Are you assuming that things will go along pretty much okay? Most people do, and they're usually right. Even when they're wrong, it tends to be okay, because the typical household's finances can absorb the occasional small blow. But sometimes the blows are medium-sized or large. What do you do then?
I've written before about handling the large financial blows. (In particular, I've written about losing a job and about moving your household finances to an emergency footing.) Dealing with the medium-sized blows is easier, but at least as important. After all, they're more common.
Sometimes the blow falls on the income side: Wages or salary cut, hours cut, an expected raise or bonus deferred or canceled, falling interest rates or dividends (a big deal for those living on capital). Other times on the spending side: Unexpected expenses, rising prices. So, how do you handle problems of this sort?
Well, the short answer is that you handle them in the obvious way. In the very short term you dip into your emergency fund, cut back on savings (or cut back to the minimum on repaying debt), or even borrow money.

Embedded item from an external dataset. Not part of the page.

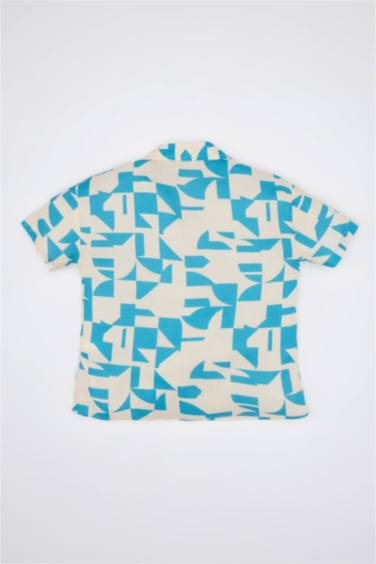 قميص ولادي نص ردن قصة عادية بياخة عالية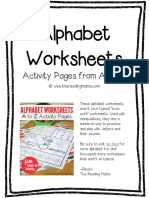 Alphabet Worksheets From a to Z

Then, in the medium term, you hustle to boost your income and take steps to cut your spending until things are back in balance (and you can replenish your emergency fund and resume normal saving or accelerated debt payments).
The longer answer, though, is that it's worth having a plan — because taking one of these medium-sized blows to your home economy can prompt you to make unwise decisions when you try to play it by ear.
We just had a good post on making an emergency plan for how to hold your emergency fund, how to access it in the case of an emergency, and what steps to take if the emergency outstrips your funds. The distinction here is that not all contingencies are emergencies. In fact, the whole point of a contingency plan is to keep contingencies from becoming emergencies. That's why it's worth going to the trouble of making a plan now, rather than waiting until it's an emergency.
Make your plan
Everybody's budget is a compromise between the cheapest way you could meet your actual needs and the most luxurious way you could satisfy your slightest whim. But there are many, many decisions embedded in that compromise. A contingency plan makes those decisions explicit, so that you know which dollars are going to the least important wants. Then you know where to cut when you get hit with falling incomes or rising costs.
As a bonus, actually making a plan informs your long-term commitments. Imagine that before you took out a car loan or signed a lease, you rejigged your contingency plan to allow for the new fixed expense. Seeing exactly which expenses might have to be cut if your finances took a hit might make you reconsider.
Strategies for implementation
Things change, so you don't want to just blindly follow a contingency plan that you made months or years ago.
Especially in the case where rising costs for specific categories are the problem, one thing to do early is to look at cutting those very costs. If the problem is rising food prices, take a fresh look at what you're buying at the grocery store — it's rare for all prices to go up the same. If the problem is rising fuel prices, take a fresh look at thermostat settings, at combining trips, carpooling, mass transit, etc.
Of course, at some level you ought to be doing this all the time. But once you've done it once (taken a serious look at where your spending is going and compared it to where you get the most satisfaction), the payoff to doing it again is going to be smaller. But when things are changing — especially when things you buy are rising in price faster than things you don't buy — it's worth doing again.
Probably the most common element of a contingency plan is simply deferring expenses. In many cases you can (temporarily) make do with what you've got, freeing up the portion of your budget that would have handled upgrades to cover contingencies.
Thinking about these things in advance makes it a lot easier to adjust smoothly to the little financial glitches that we all face.